The Republican party Romney is likely to lead into battle has, however, revealed itself in a diminished state—dominated by its activist extreme, focused on irrelevancy, and deaf to reason about the country’s fiscal choices. To survive a Republican debate you are required to hold the incoherent view that the budget should be balanced immediately, taxes cut dramatically, and the major categories of spending (the military, Social Security, Medicare) left largely intact. There is no way to make these numbers add up, and the candidates do not try, relying instead on focus-group tested denunciations of Obama and abstract hostility to the ways of Washington.

Above every other issue, the candidates in Iowa pandered about how thoroughly and completely they would ban abortion. Paul, an obstetrician by training, blanketed the state with ads making the dubious claim that he once saw doctors dispose of a live baby in a trash bin. (If so, why did he not intervene?) Gingrich proposed throwing out the Constitution to defy judges who invalidate anti-abortion legislation. In the closing days of the campaign, Perry augmented his opposition to abortion to include cases of rape or incest. Santorum toured with members of the Duggar family, who are featured in TLC reality show 19 Kids and Counting. Like the Duggars, Santorum believes contraception is “not okay.”

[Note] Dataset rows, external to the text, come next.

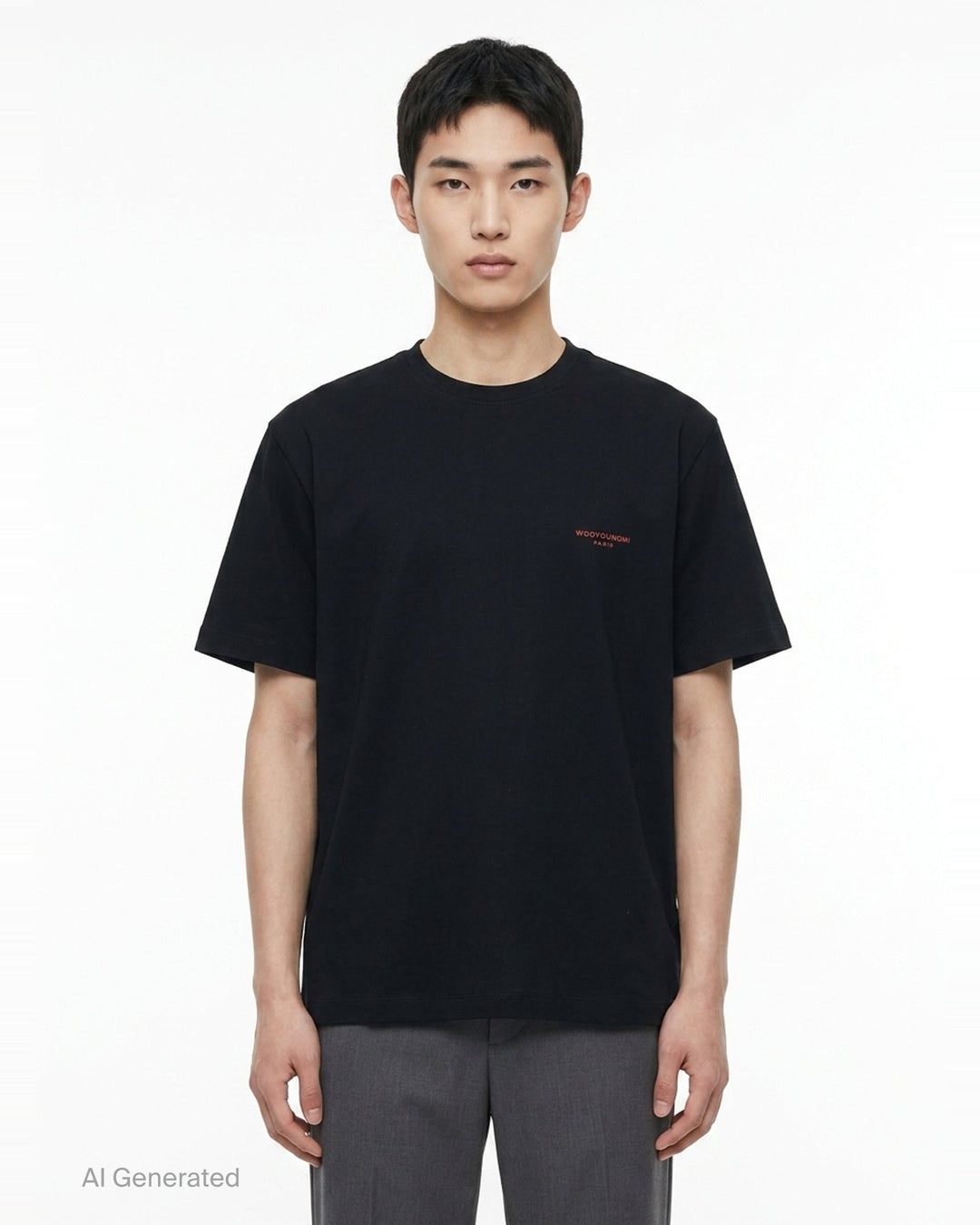 Fuzzy Embroidery Logo Tee | Wooyoungmi | Club21 - front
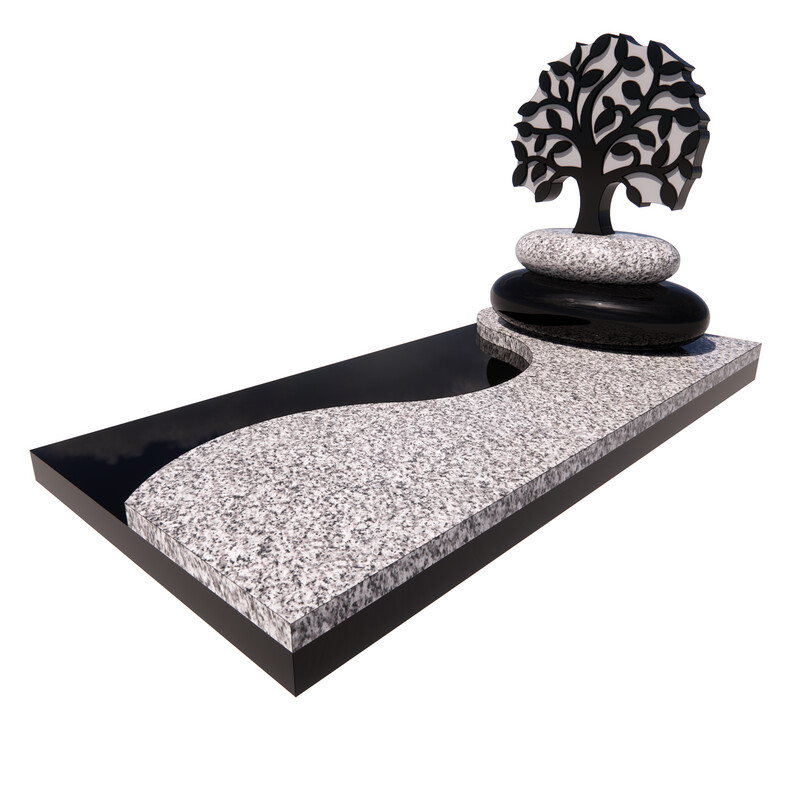 Monument funéraire ARBRE ZEN en granit Noir Intense & Gris Impérial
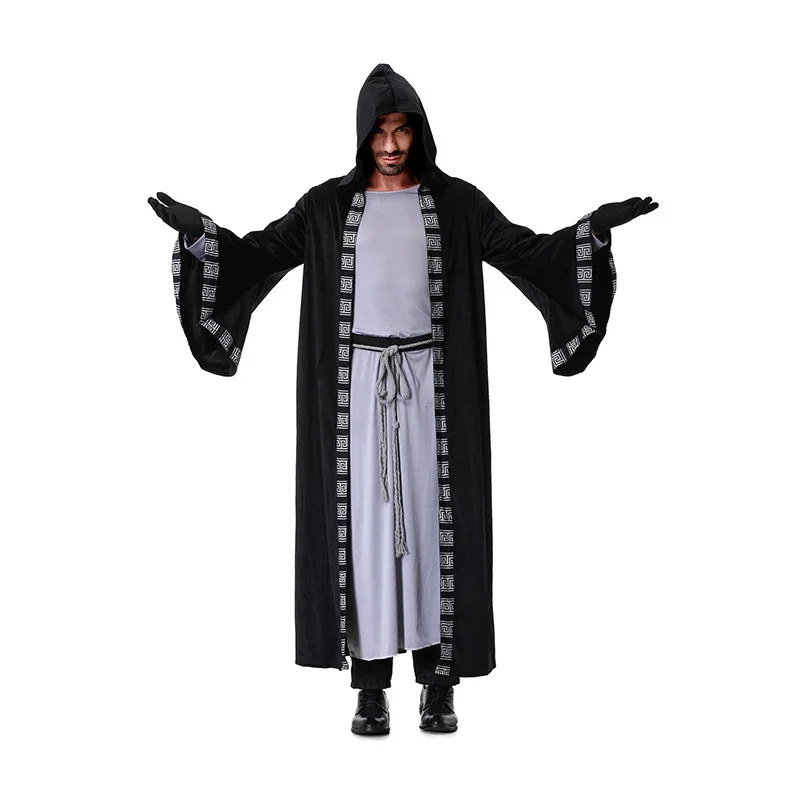

loween Costume Wizard Death God Hooded Coat Cowl Ne Robe Sanitation Worker Jedi Knight Long Robe Women's Ethnic Wear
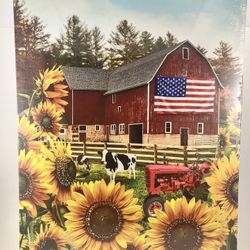  Red Barn, American Flag & Sunflowers Lights Up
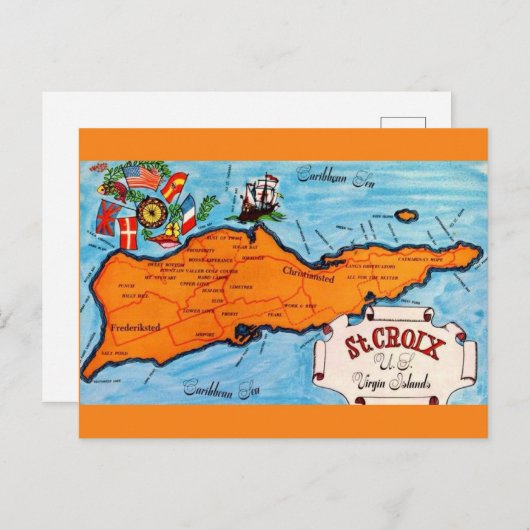 St Croix Kaart Ansichtkaart (Voorkant / Achterkant)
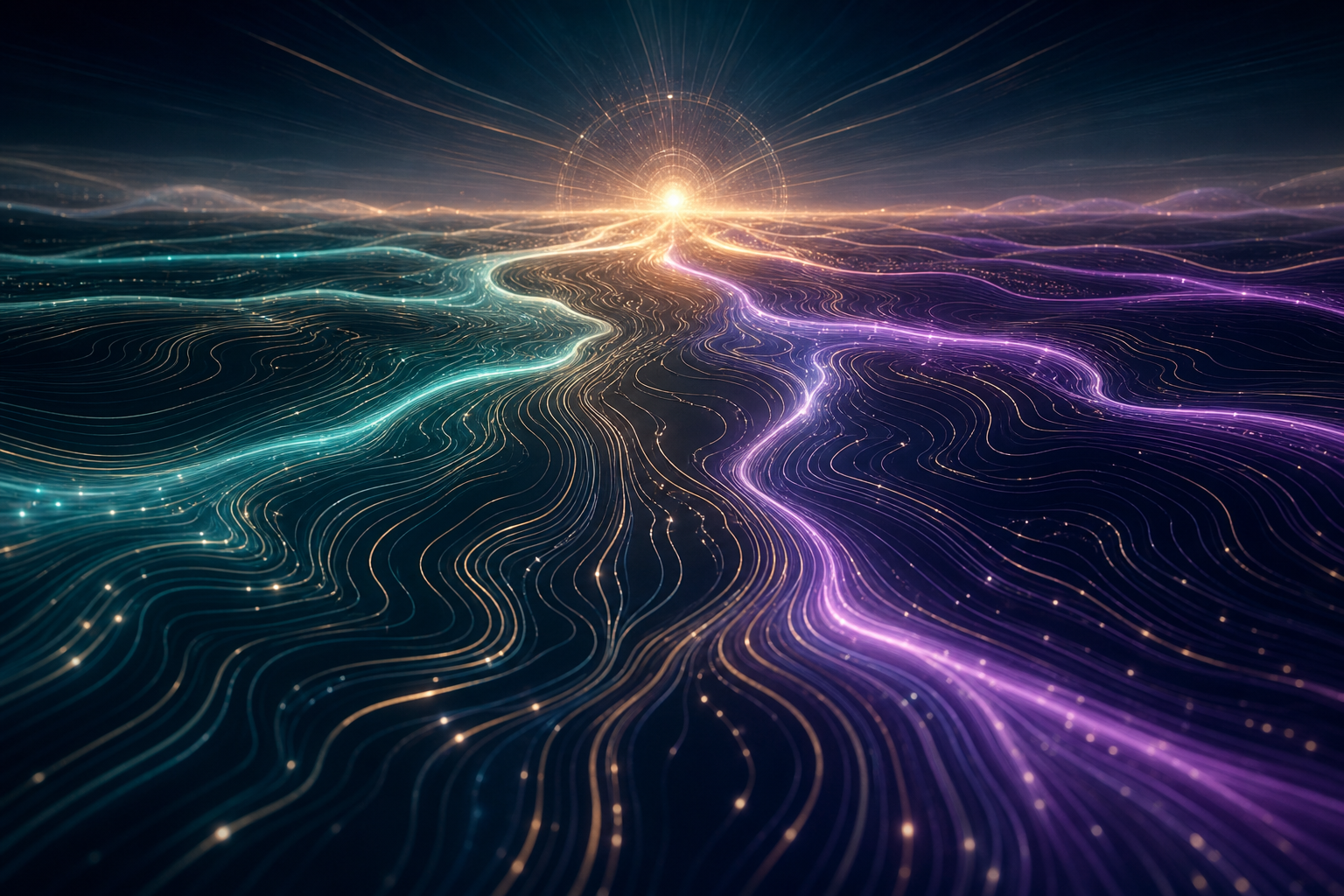 Abstract flowing terrain lines converging at a luminous horizon representing the agency's roots in Sevilla and connection to European markets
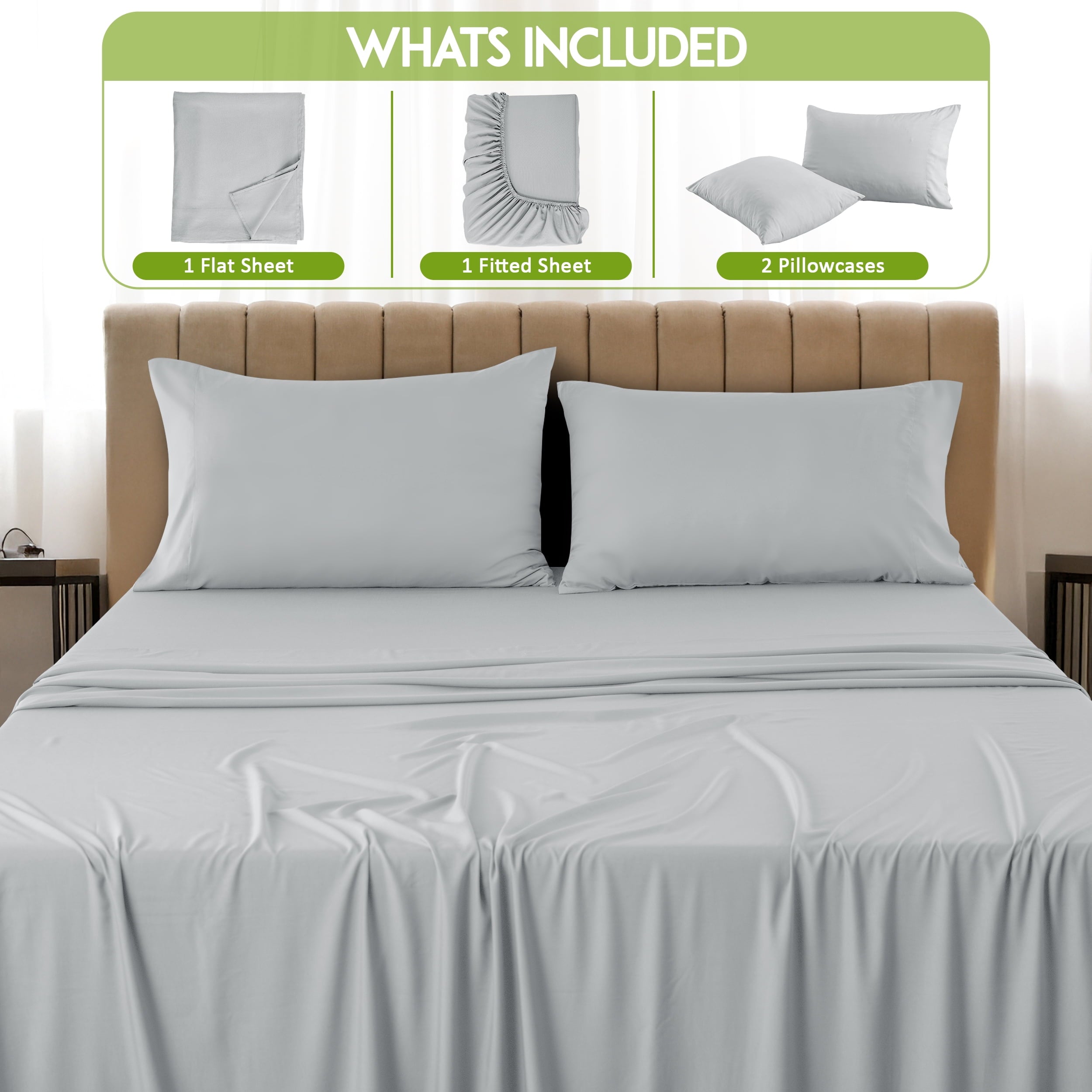 Rayon - 4 Piece Cooling Bed Sheets Set, Gray - Image 3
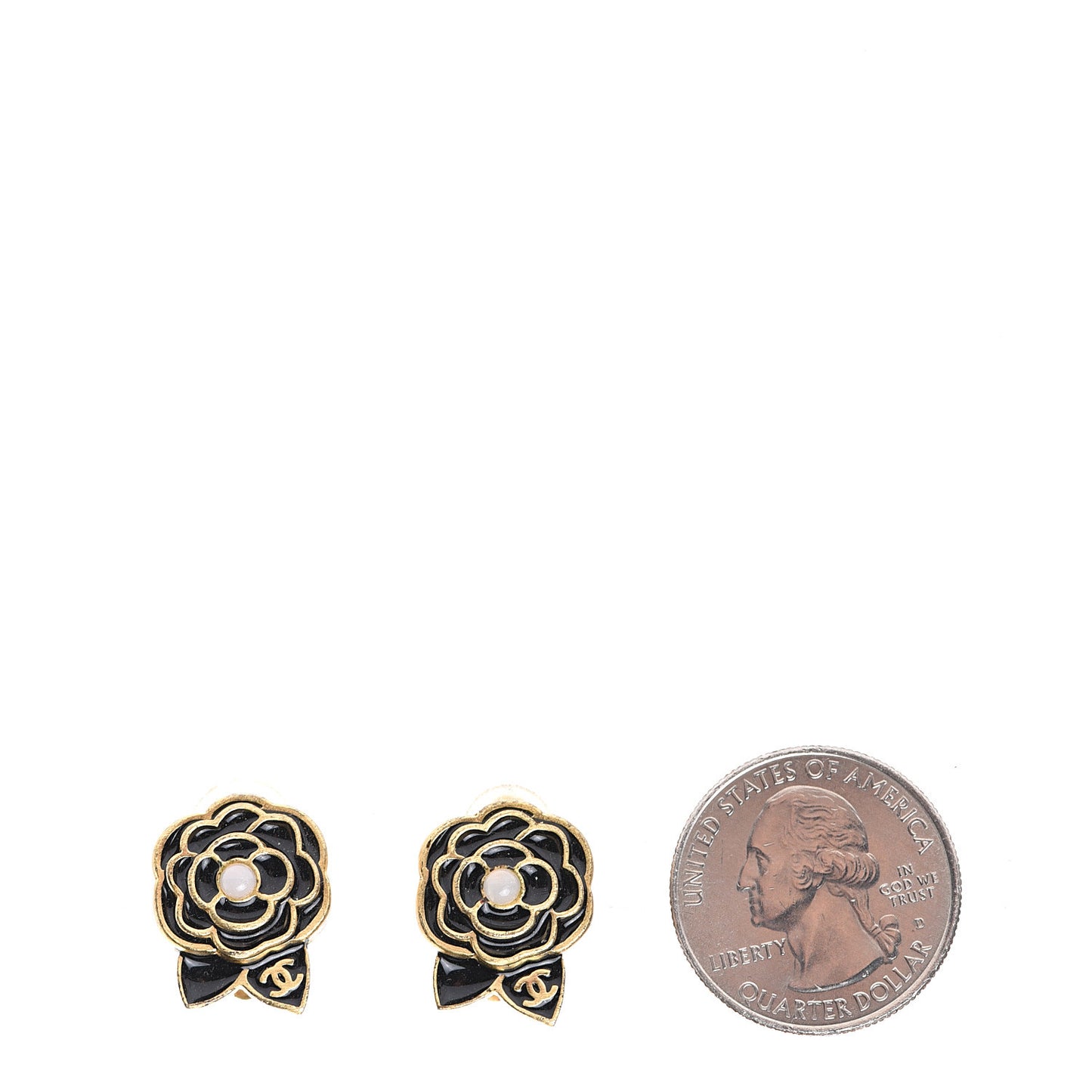 Enamel CC Camellia Clip On Earrings Black Gold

The notion that the Tea Party stood for something new on the American right has now dissolved in favor of a familiar range of radical, not really conservative tendencies. Iowa clarifies this factionalism by presenting it in exaggerated form. There is juvenile libertarianism, represented by Ron Paul. There is theocratic moralism, offered in evangelical Protestant flavors by Bachmann and Perry, and in a Catholic version by Santorum. There is the idea of ideas-based politics, represented by Gingrich. When all of these alternatives finish falling by the wayside, what will remain is the attempt to actually win a national election, represented by one Willard Mitt Romney.

A version of this piece appears in the Financial Times.

Correction, Jan. 4, 2012: This article originally misspelled Michele Bachmann’s first name. (Return to the corrected sentence.)